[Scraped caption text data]

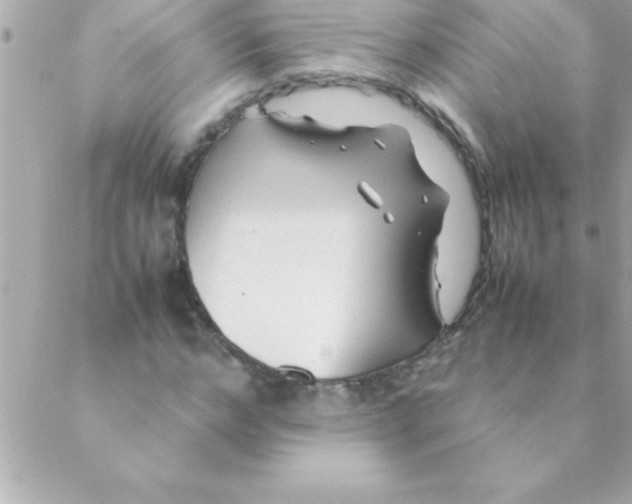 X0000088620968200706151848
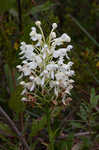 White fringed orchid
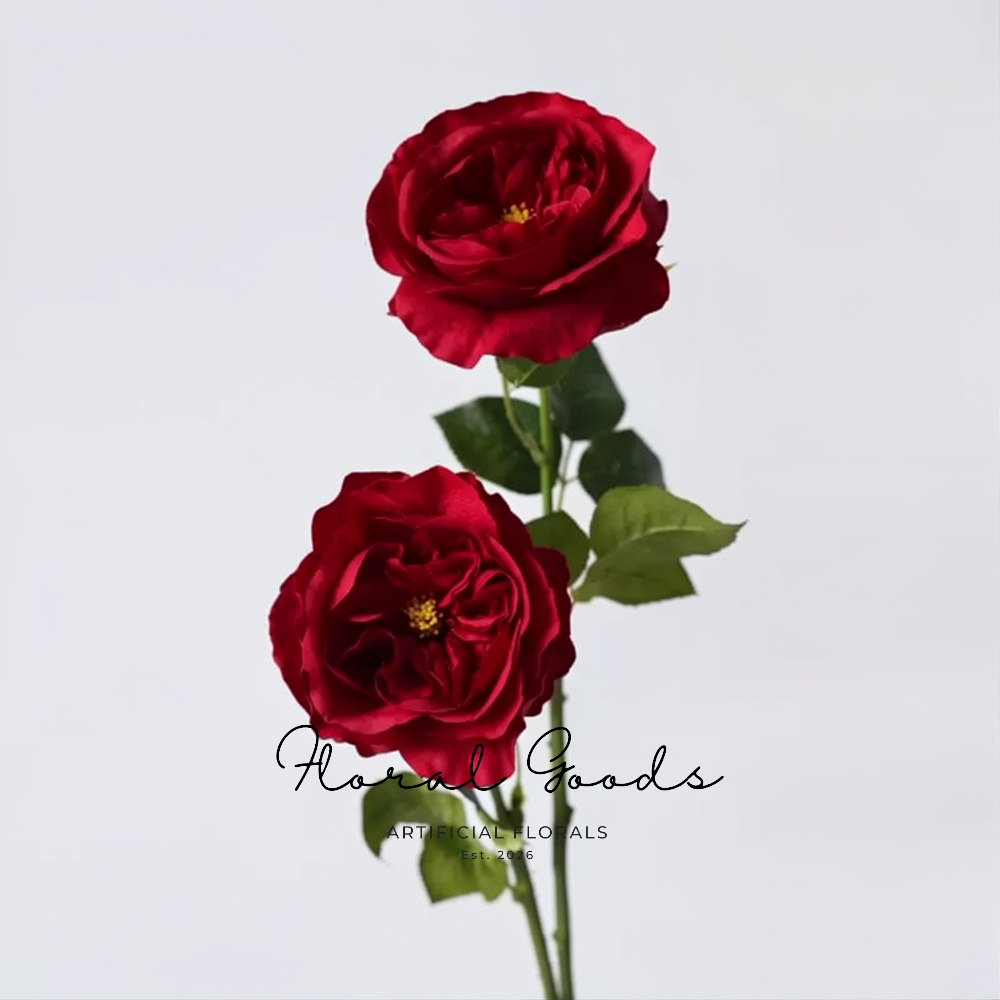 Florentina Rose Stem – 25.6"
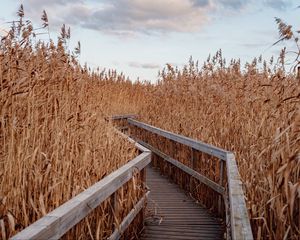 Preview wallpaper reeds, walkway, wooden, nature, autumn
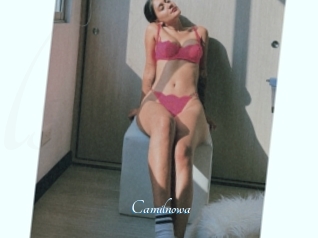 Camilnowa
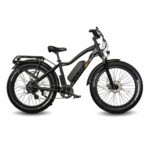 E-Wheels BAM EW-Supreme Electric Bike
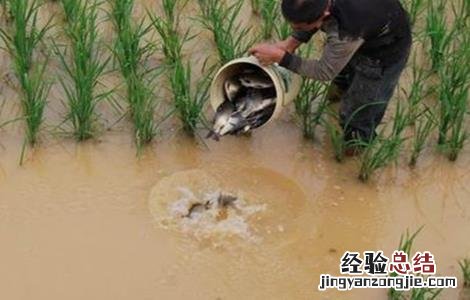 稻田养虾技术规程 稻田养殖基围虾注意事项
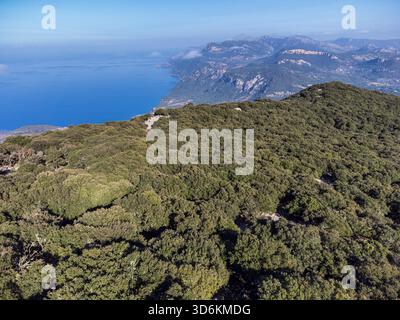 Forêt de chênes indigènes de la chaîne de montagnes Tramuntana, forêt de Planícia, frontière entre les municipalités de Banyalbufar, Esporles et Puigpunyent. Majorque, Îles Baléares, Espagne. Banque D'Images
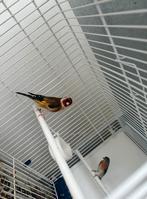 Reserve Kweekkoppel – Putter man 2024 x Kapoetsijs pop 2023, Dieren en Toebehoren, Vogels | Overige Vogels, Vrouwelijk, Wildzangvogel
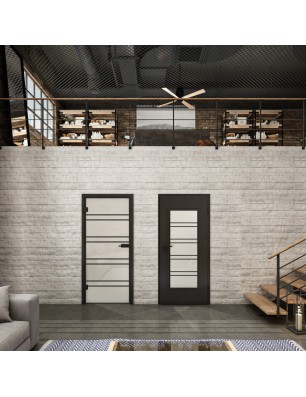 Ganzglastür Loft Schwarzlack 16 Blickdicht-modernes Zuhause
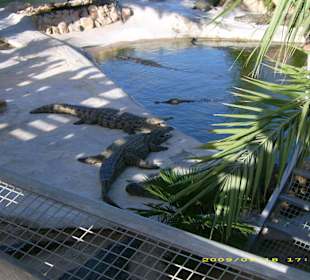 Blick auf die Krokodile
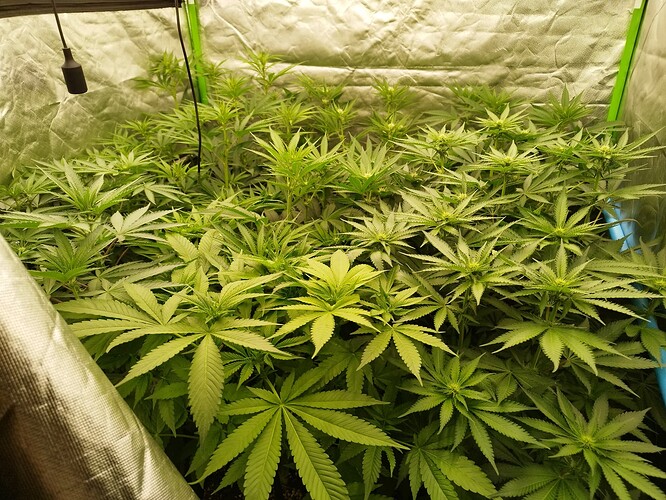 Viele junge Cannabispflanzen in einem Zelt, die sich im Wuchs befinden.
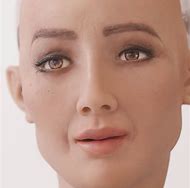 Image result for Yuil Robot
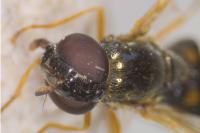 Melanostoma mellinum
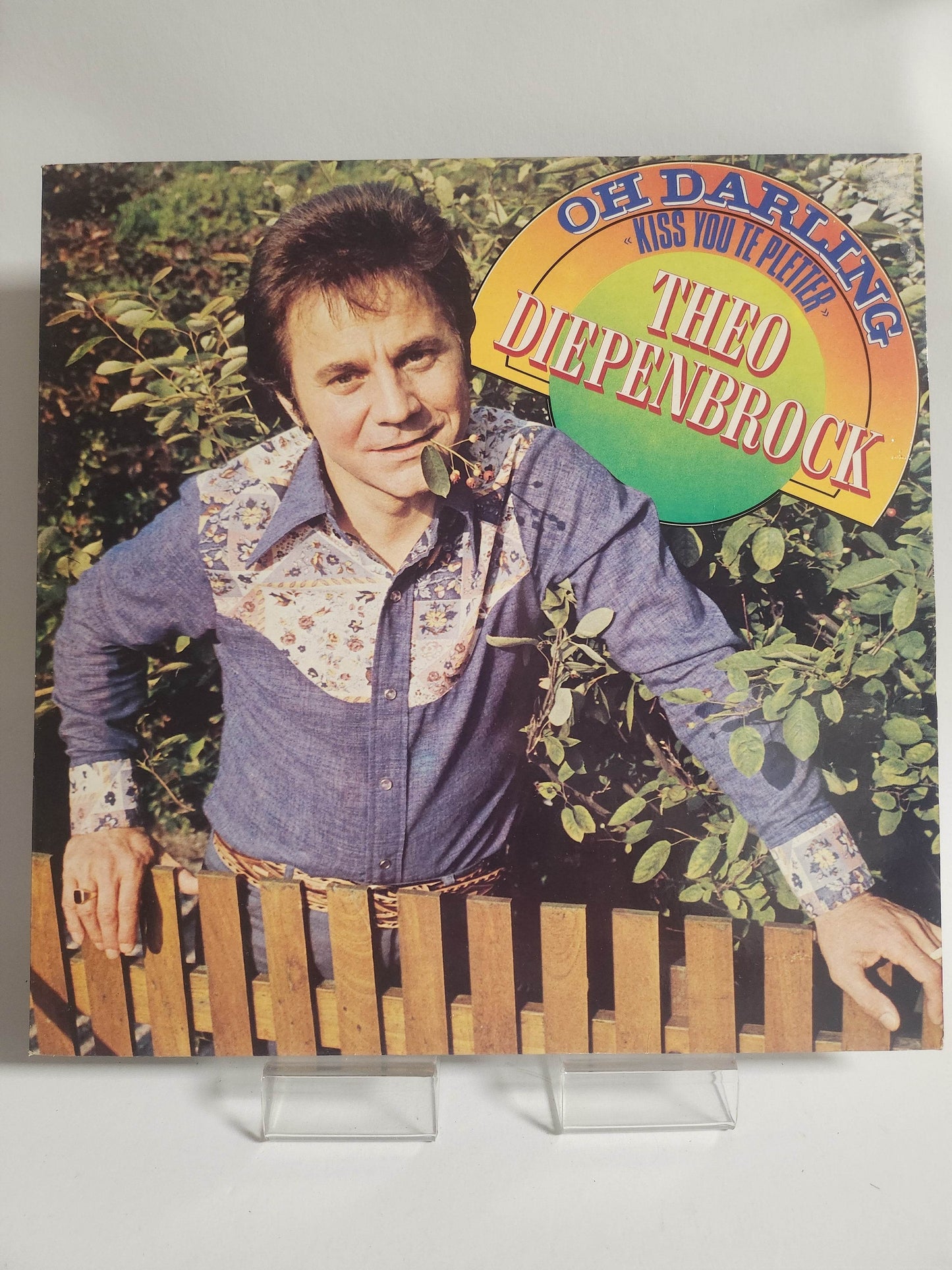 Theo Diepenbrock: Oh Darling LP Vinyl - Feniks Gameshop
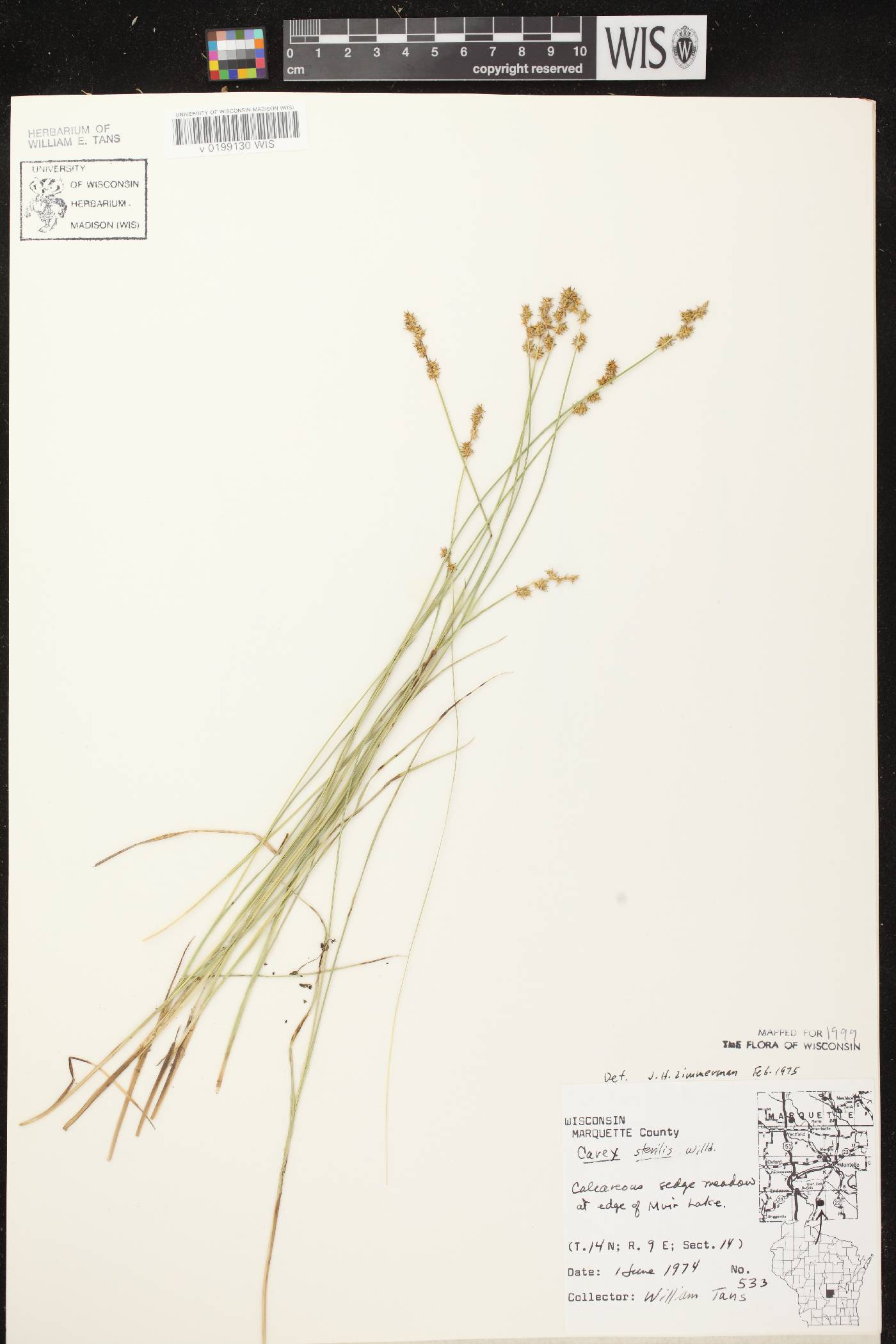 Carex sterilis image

**GOAL OF THE EXERCISE**: Give back, word for word, the lines from the one with "Ganzglastür Loft Schwarzlack" to the end of the records above, and no pictures.

**OUTPUT FOR THIS EXERCISE**:
 Ganzglastür Loft Schwarzlack 16 Blickdicht-modernes Zuhause
 Blick auf die Krokodile
 Viele junge Cannabispflanzen in einem Zelt, die sich im Wuchs befinden.
 Image result for Yuil Robot
 Melanostoma mellinum
 Theo Diepenbrock: Oh Darling LP Vinyl - Feniks Gameshop
 Carex sterilis image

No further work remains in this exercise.